The statement read in part: “The party invites the Senate leadership to bear in mind that Nigerians have rejected the bill, which is designed by the Buhari presidency to increase VAT from 5 per cent to excruciating 7.5 per cent not minding its attendant adverse economic effect on Nigerians.

“Such planned increase in VAT is insensitive, suppressive and if anything, will further impoverish Nigerians and worsen the prevailing agonizing economic situation in the country.

“The National Assembly, as the true representatives of the people at the federal level, should therefore protect Nigerians by ensuring that such an anti-people policy does not receive a final legislative stamp.

In a related development, the party has asked the Minister of Works and Housing, Babatunde Fashola, to resign immediately and apologize to Nigerians over his unpardonable comment that the terrible state of roads in the nation was being exaggerated.

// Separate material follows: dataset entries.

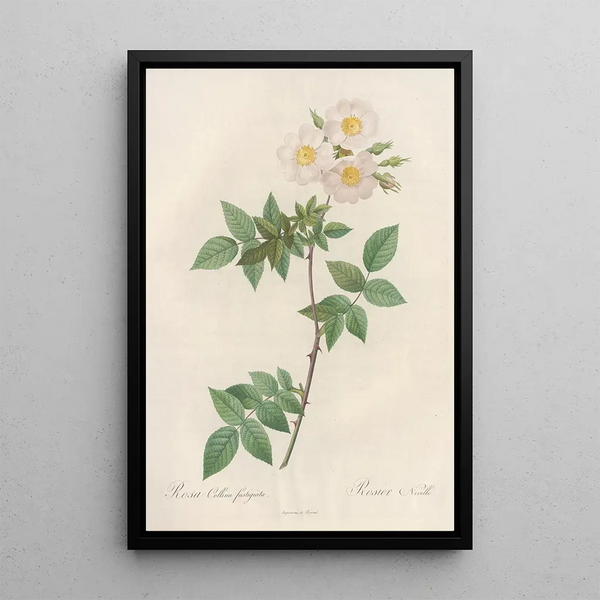 Rosa Collina Fastigiata - Pierre Joseph Redouté — ingelijst kunstwerk aan de muur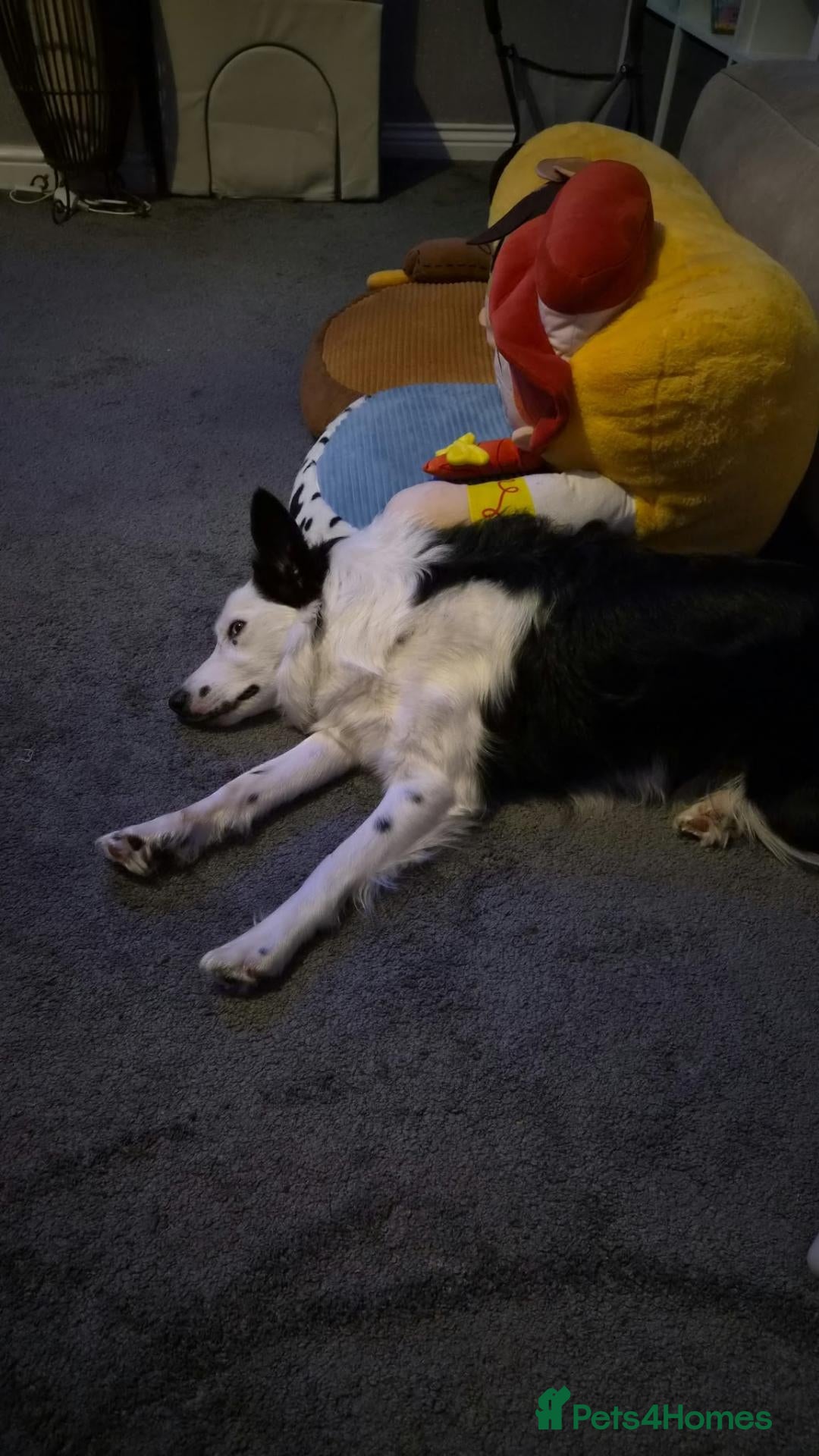Border Collie dogs 11 month old boarder collie  - Advert 13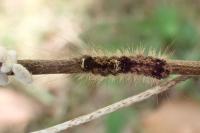 Wittia sororcula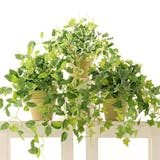 光触媒で加工された観葉植物のおすすめ人気ランキング【2026年6月】 3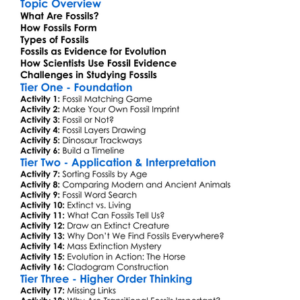 Fossils And Evidence For Evolution Worksheet Activity Booklet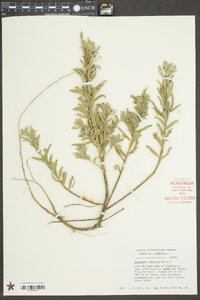 Oenothera humifusa image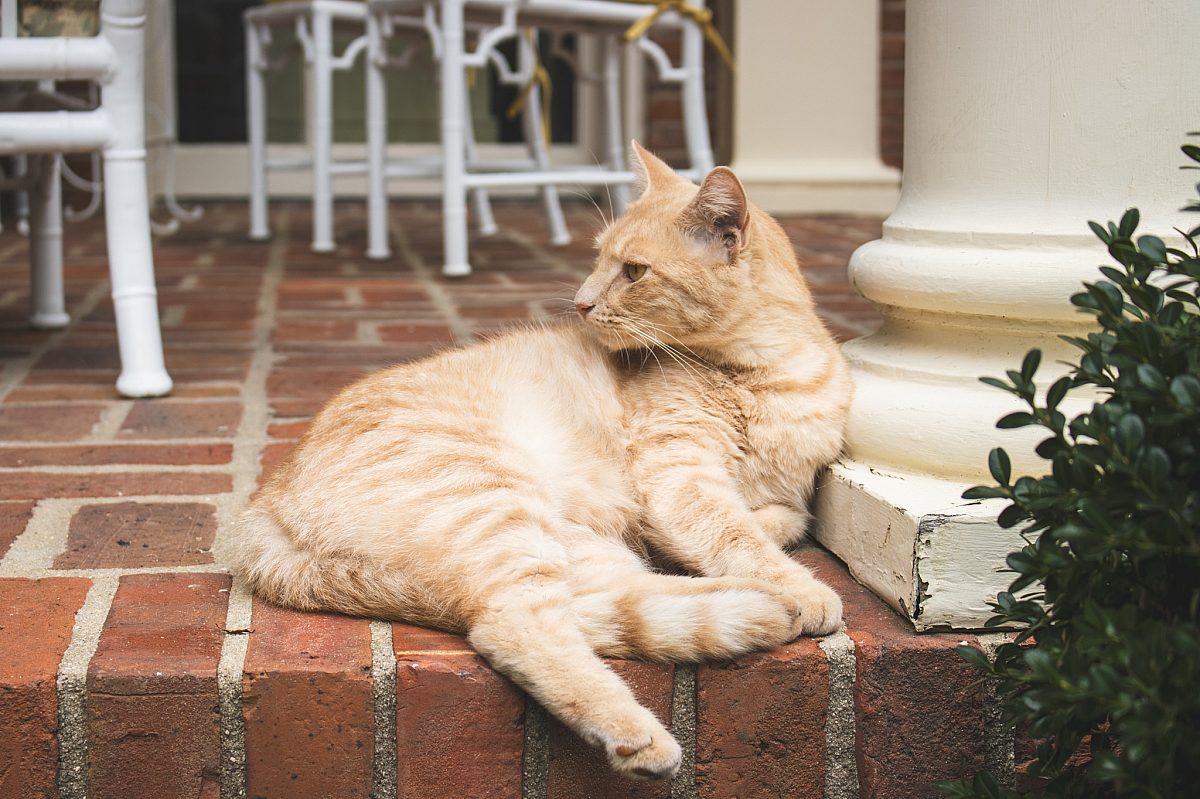 Oliver museumcat 2025 1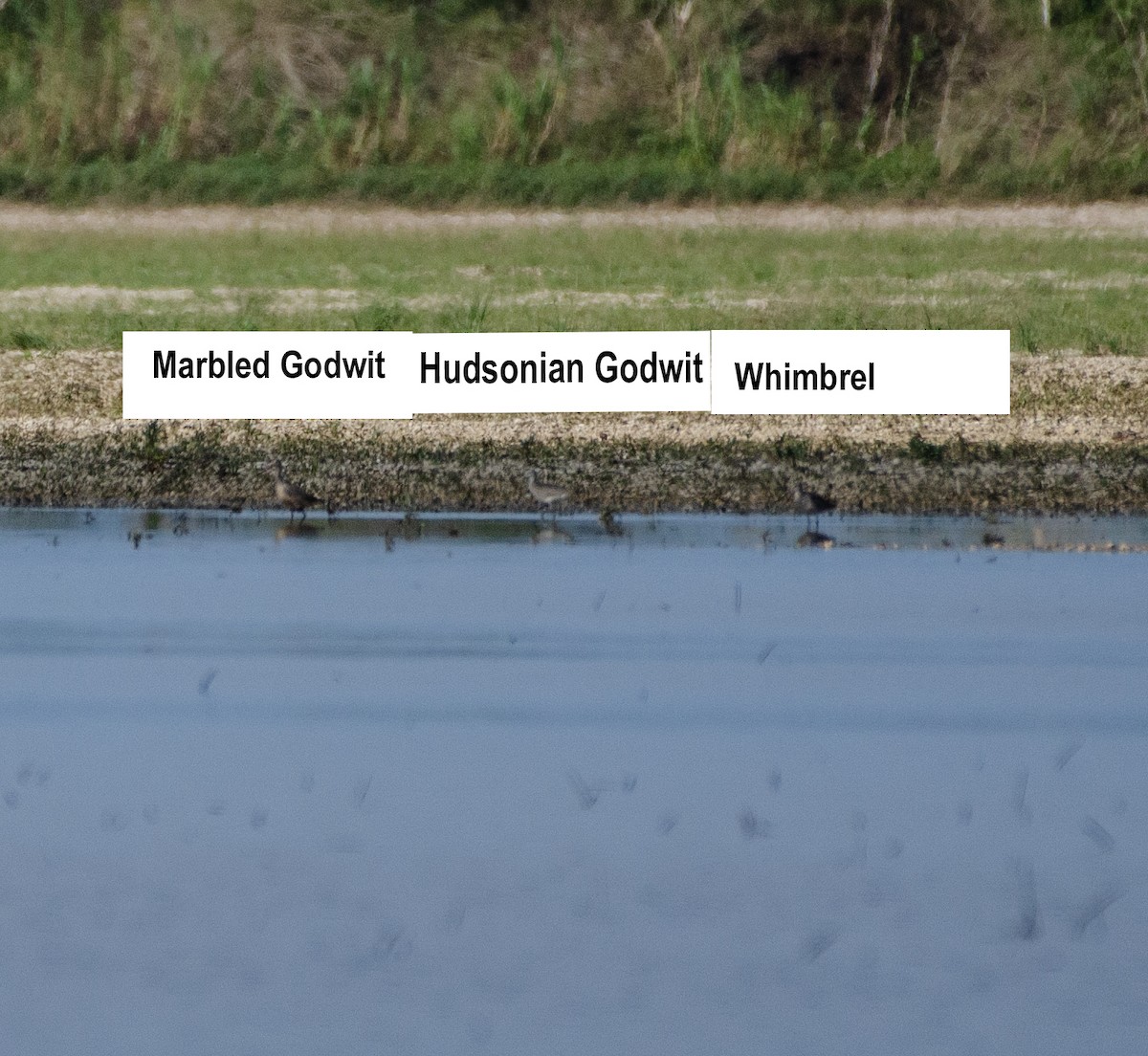 Hudsonian Godwit - ML618014738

PDP described the statement as, &unfortunate, especially coming from the Minister of Works, who ought to be apologetic for the decrepit state of roads across the country since the last four years he has been minister.”

The party said: “The statement is a violent assault on the sensibility of over 200 million Nigerians and further demonstrates the disdain with which the Buhari administration holds our citizens who lost their lives and many more that daily undergo mental and physical torture using our dilapidated roads.

“Every Nigerian knows that most of the major roads across the country are in sorry state and that travelling on our roads has become traumatizing and one of the highest life-threatening experiences in our country since the last four years.

“The comment by the minister of works is therefore highly provocative and capable of invoking the anger of Nigerians because it shows that either he has not been going through our roads and as such not in touch with reality or he has exposed himself as a falsehearted official.”